The charge on a metal ion significantly influences its reactivity with bases such as hydroxide ions (OH⁻) due to the electrostatic interactions between the ion and the base. Higher charged metal ions (e.g., M³⁺) have a greater tendency to attract and bind hydroxide ions compared to lower charged ions (e.g., M²⁺), leading to the formation of metal hydroxides. The higher charge density of trivalent ions enhances their polarising power, making it easier for them to pull electron density towards themselves and react with OH⁻ ions to form precipitates.

This increased reactivity can also affect the solubility of the formed hydroxides. Typically, hydroxides of trivalent metal ions are less soluble in water than those of divalent metal ions, leading to more readily formed precipitates upon reaction with hydroxide ions. This principle is widely used in qualitative analysis to distinguish between different metal ions based on their precipitation reactions with bases. The charge on the metal ion thus plays a crucial role in dictating the chemical behaviour and reactivity of metal ions in aqueous solutions.

Controlling the amount of reagent added in test-tube reactions for ion identification is crucial for several reasons. Firstly, the stoichiometry of the reaction needs to be considered to ensure complete reaction without excess reagent, which could lead to secondary reactions or the dissolution of precipitates that are important for identification. For example, adding excess hydroxide to a solution containing aluminium ions can dissolve the initially formed Al(OH)₃ precipitate due to the amphoteric nature of aluminium hydroxide, potentially leading to incorrect conclusions about the presence or absence of Al³⁺ ions.

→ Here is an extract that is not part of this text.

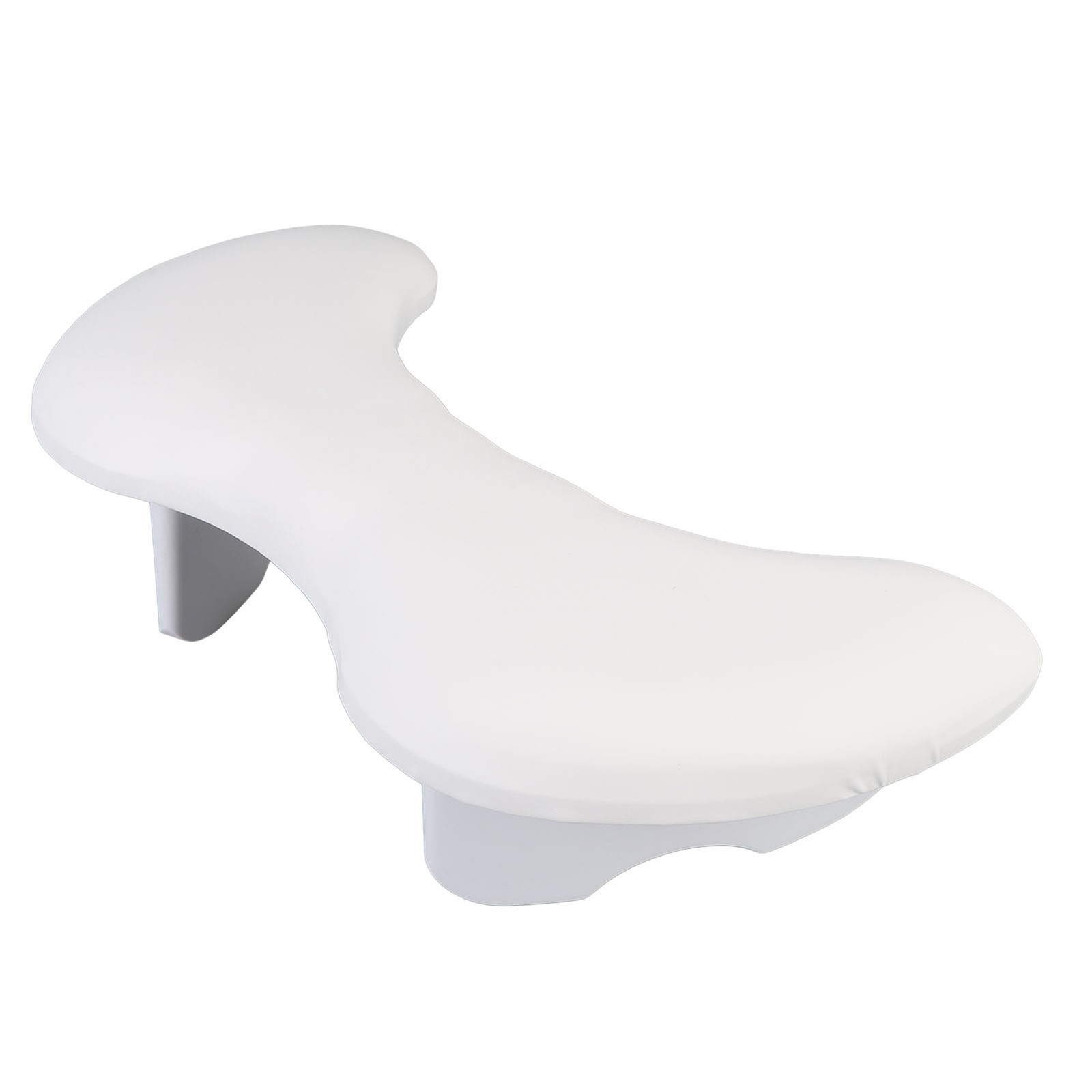 U Shape Manicure Hand Pillow Elegant Arm Rest For Nails Tech PU Leather For AP9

Secondly, the concentration of the reagent can affect the selectivity of the reaction. Certain ions may only form precipitates or complexes under specific conditions of reagent concentration, and an excess can mask the presence of other ions or produce misleading results. Moreover, controlled addition helps in the stepwise analysis of the reaction, allowing for the observation of intermediate stages, which can provide additional information for ion identification.

Lastly, controlling reagent volume is essential for safety and waste minimisation, reducing the risk of violent reactions and the generation of hazardous waste. Accurate and controlled reagent addition is thus fundamental to obtaining reliable and reproducible results in test-tube reactions for ion identification.